ここのそば味噌は、いつも季節の野菜が混ぜられていて、野暮ったいだけではない風情がある。
先日はボタン胡椒だった。
青い香りとほのかな辛味が味噌の甘みに、光を刺す。
そして燗酒を飲む。
この量なら、一合半はいけるな。
残り半合は、穴子とキュウリの酢の物で行ってみよう。
運ばれてくると,結構な量がある。
仕方ないもう一合おねがいしようか。
ほろ酔いとなったところで、そろそろそばといってみよう。
せいろは、ご主人が定期的に訪ねているという、徳島県祖谷の在来種である。
ずるる。ずるる。
そばの下三分の一ほどをつゆに浸け、向こう三軒両隣に聞こえるくらいに音を立てて手繰れば、青臭い草の香りが喉にぶつかり、ほのかな甘さが舌に残る。
うむ。いい。
続いて穴子天ぷらそばをお願いした。
見事に穴子の滋味を引き出して、カリッと揚げられた天ぷらに笑う。
小さな丼に入れられ、上品なつゆの中に入れられたそばは、温められたことによって、少し甘みを増している。

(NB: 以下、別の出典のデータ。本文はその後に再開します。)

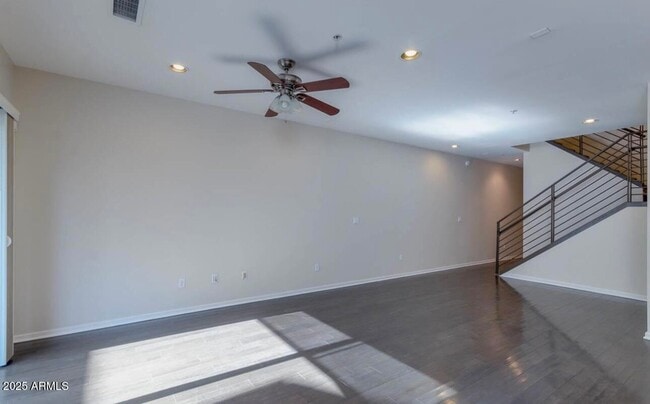 Building Photo - 525 W Lakeside Dr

穴子の天ぷらの端を、ちょいとつゆにつけてみるのもいい。
天ぷらには甘汁の味が付き、つゆには油が少し浮いて、かけそばと天ぷらが一緒になろうっていう、気配が生まれる。
少しだけ残しておいた燗酒を、このつゆを肴
にして飲むのもいいねえ。
ああ、ごちそうさまでした。
良き時間でした。
両国「江戸そば ほそ川」にて。